C’est notamment la raison qui fait que les emplois dits du « care » sont sous-évalués (professionnellement et financièrement), gracieuseté du mythe de la vocation féminine, du dévouement et du don de soi socialement attendus des femmes. Résultat : on leur demande toujours plus, tout en leur refusant une rétribution et une reconnaissance conséquentes.
Cette dimension fortement genrée du travail du « care » et la non-reconnaissance des qualifications qui lui sont associées sont largement démontrées. Ces qualifications n’en sont pas moins attendues des femmes et, ce faisant, elles ajoutent significativement à leur charge (de travail) vécue.

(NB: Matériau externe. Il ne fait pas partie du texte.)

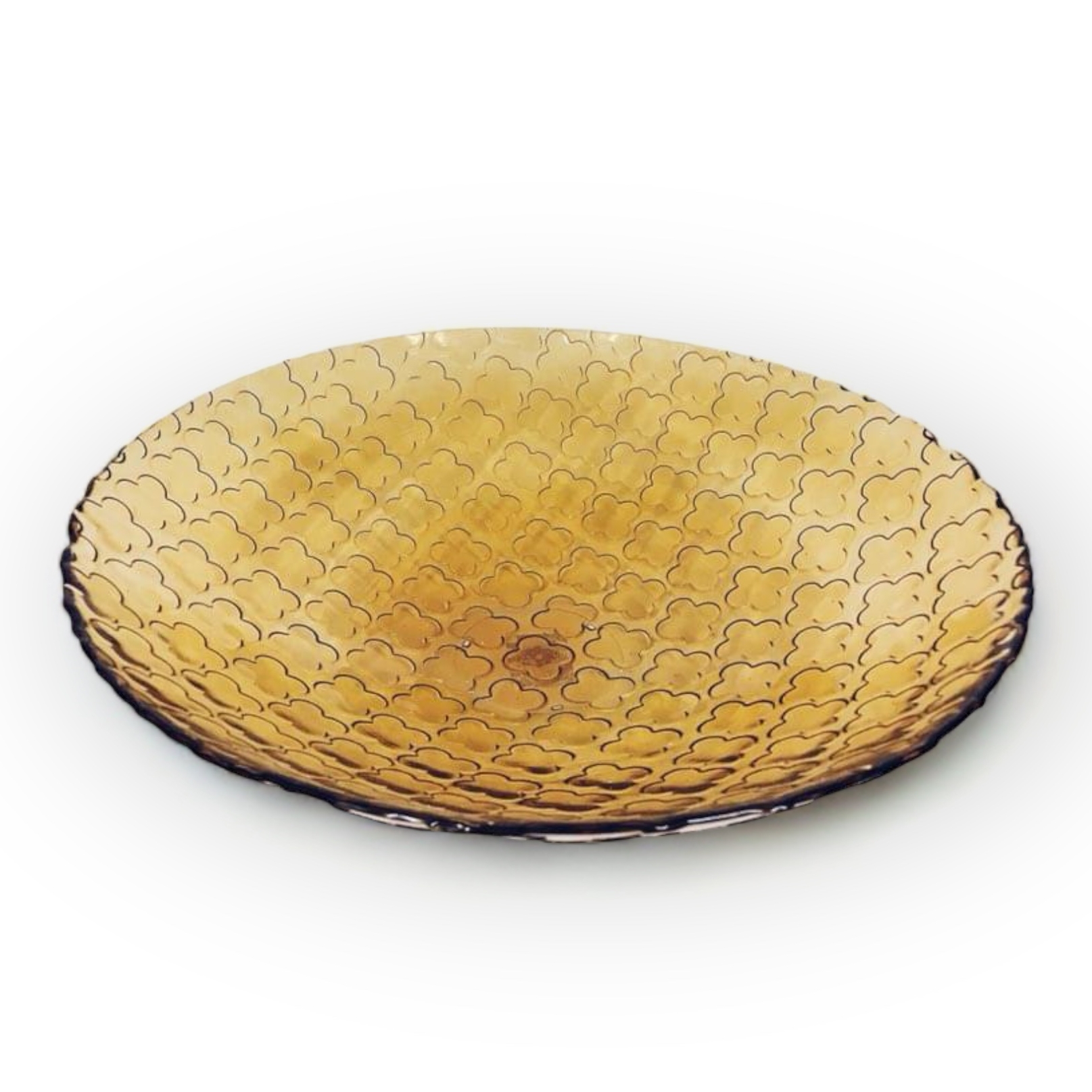 Блюдо скло рельєфне жовте GS-001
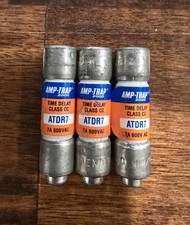 Lot of 3 Ferraz Shawmut Amp Trap ATDR7 Time Delay Class CC Fuse 7 Amp 600V 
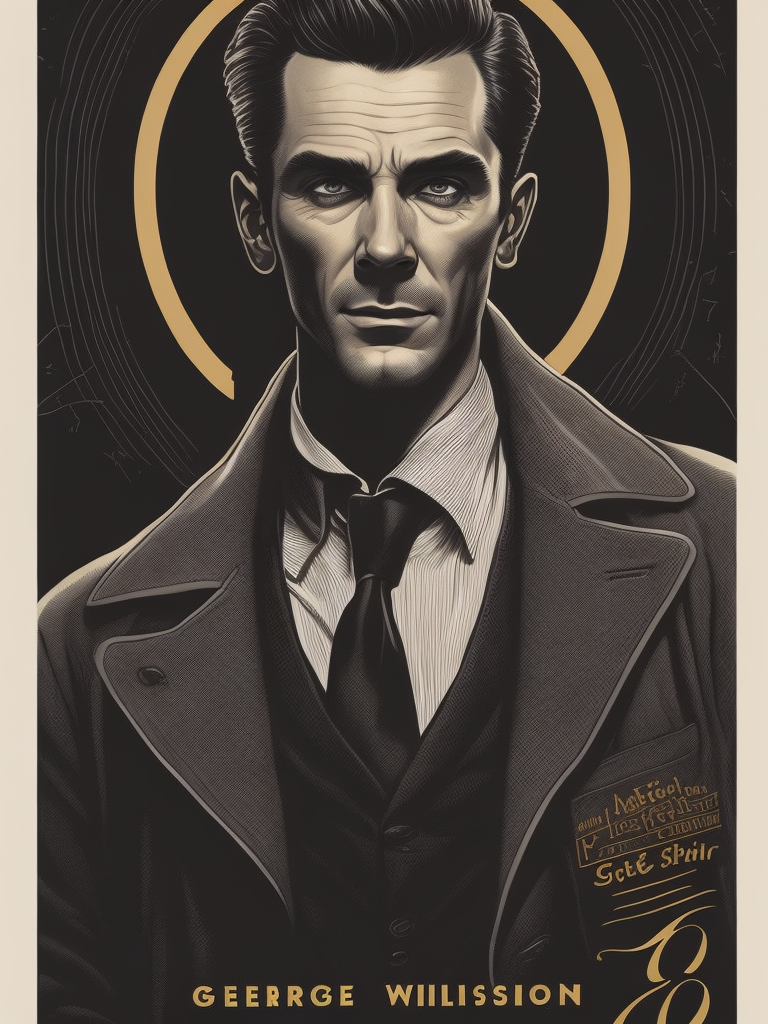 This artwork of a man by George Wilson is an eye-catching poster-style drawing and illustration representing the iconic pulp style.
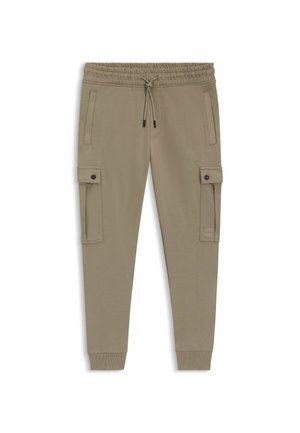 Pantaloni cargo beige con vita elastica, chiusura con cordino, tasche laterali e tasche cargo su entrambe le gambe. Tessuto liscio, polsini aderenti.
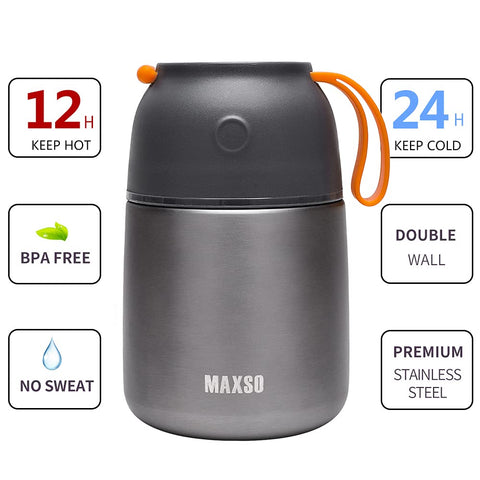 MAXSO Soup Thermo wide-mouth opening makes filling and cleaning easier.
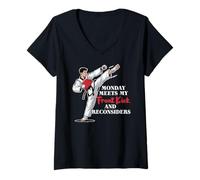 Femme Monday Meets My Front Kick and RECONSIDERS T-Shirt avec Col en V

Deux « surcharges » à temps plein
Ce qu’on attend d’elles au travail, on l’attend aussi des femmes à la maison, bien que les tâches domestiques soient de plus en plus partagées au sein des couples. Ce sont elles qui sacrifient davantage leur temps personnel, prenant souvent congé afin de s’occuper de leurs proches, par exemple.
La surcharge mentale présente professionnellement l’est donc aussi personnellement. Sans compter les attentes conflictuelles entre travail et famille, qui engendrent un sentiment constant de culpabilité, alimenté par une socialisation genrée qui rend plus difficile pour elles de poser des limites ou de dire non. Cette dynamique est parfois exacerbée par certaines pressions indues des gestionnaires.
On ne s'étonne guère alors que les femmes du réseau perdent 44 % plus de journées de travail que les hommes et qu’elles travaillent davantage à temps partiel que ces derniers, ce qui a une incidence sur leurs futurs revenus de retraite. Elles sont également moins enclines à accepter les promotions ou à réorienter leur carrière que les hommes.
Une prise de conscience nécessaire
Si la charge de travail dans le réseau de la santé et des services sociaux est un enjeu pour toutes et tous, il ne peut être saisi dans toute sa complexité en l’absence d’une réflexion spécifique sur le rôle des femmes dans le réseau, et dans la société dans son ensemble.
La lutte pour une répartition équitable de la charge de travail et une reconnaissance juste du travail du « care » est un enjeu féministe fondamental et un problème complexe fortement ancré dans d’autres problèmes de société qui touchent plus fortement les femmes.
Il est crucial de prendre conscience de cette dimension particulière de la surcharge de travail. C’est le premier pas de la mobilisation individuelle et collective qui est essentielle pour faire reconnaître et valoriser le travail du « care » pour ce qu’il est : un travail complexe et indispensable à la société.